§ **Material provided**
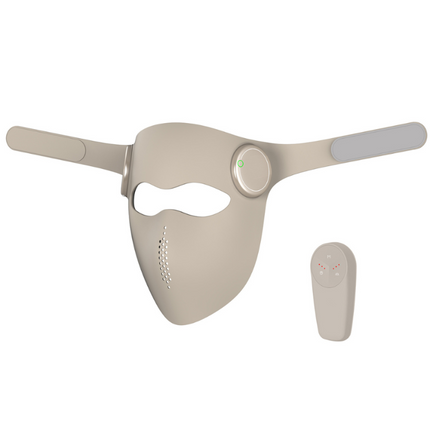 Handheld LED Photon Mask for Skin Rejuvenation Multi-Wavelength Light Relaxation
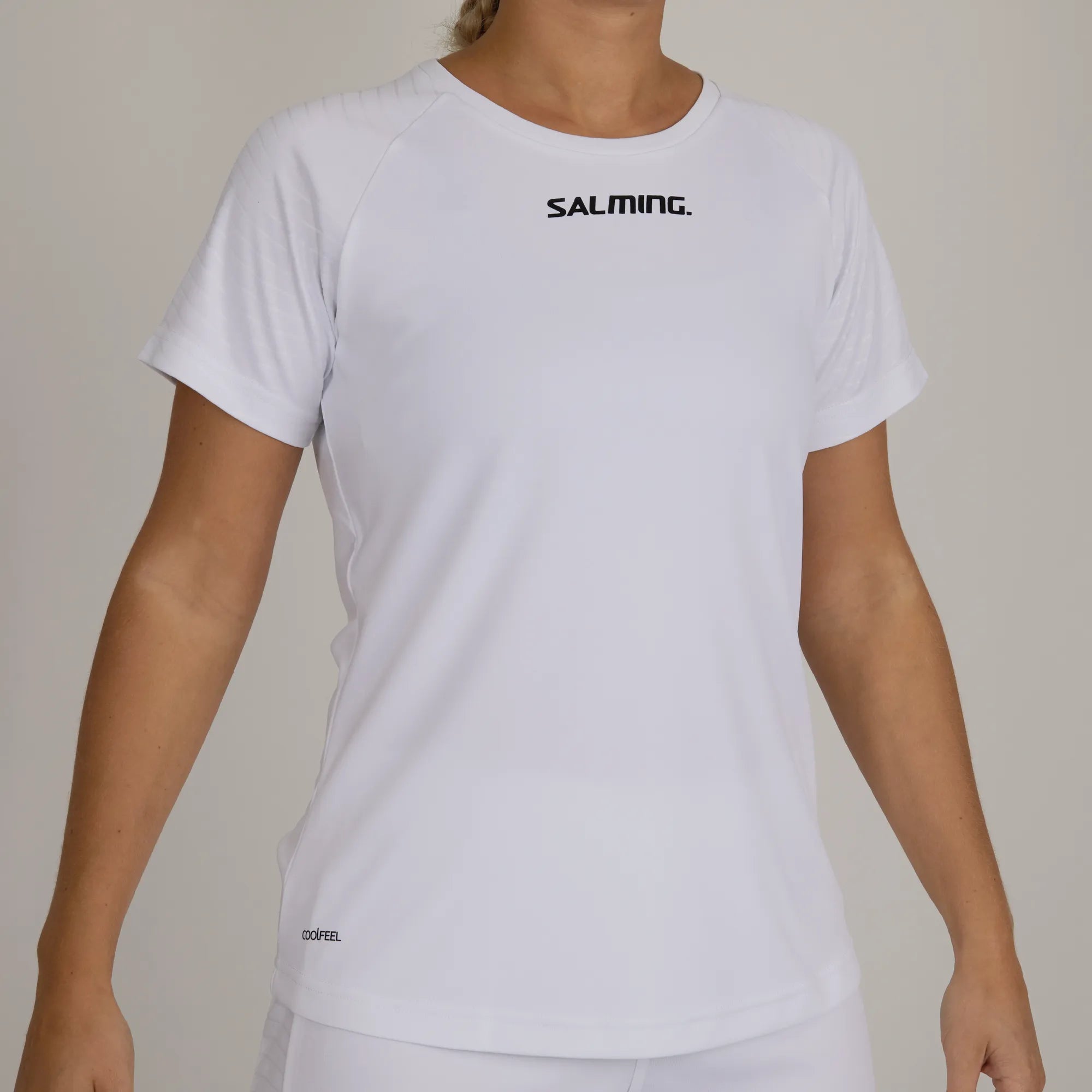 Salming Diamond Game Tee Wmn Funktionsshirt M Coolfeel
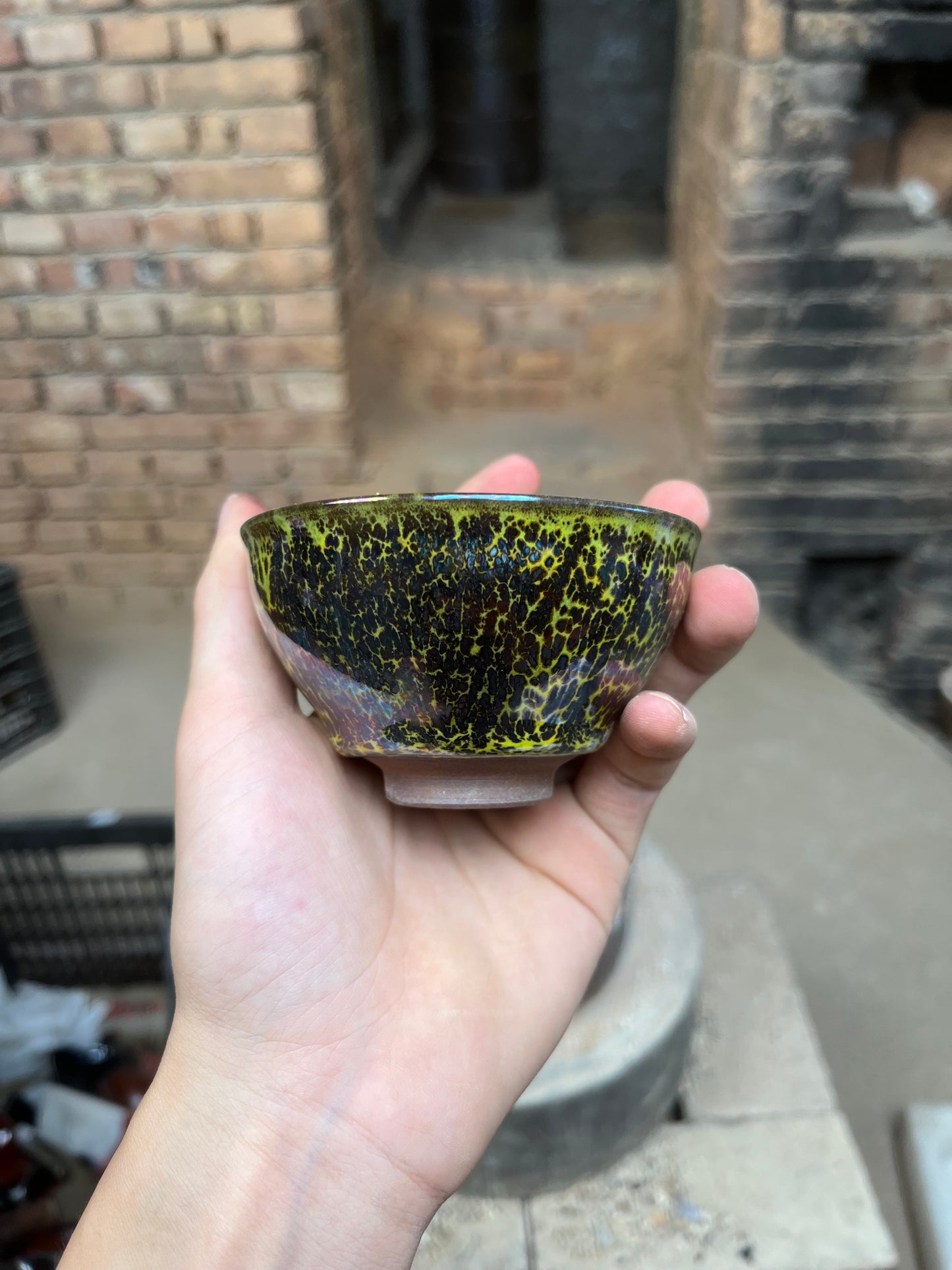 Kiln treasure-Well-being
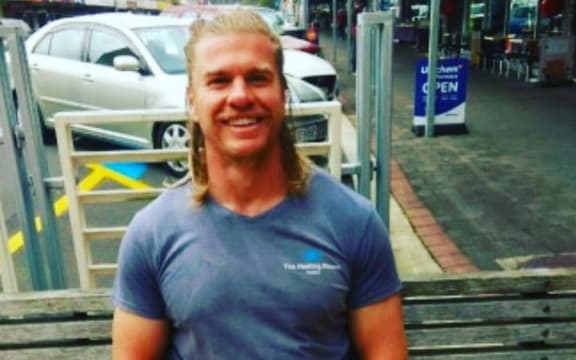 Lance Easton's registration with the Physiotherapy Board of New Zealand has been cancelled. Photo / Facebook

§ **Problem to solve**
Everything in the material except the pictures should be restated word for word.

§ **Your response**
 Handheld LED Photon Mask for Skin Rejuvenation Multi-Wavelength Light Relaxation
 Salming Diamond Game Tee Wmn Funktionsshirt M Coolfeel
 Kiln treasure-Well-being
 Lance Easton's registration with the Physiotherapy Board of New Zealand has been cancelled. Photo / Facebook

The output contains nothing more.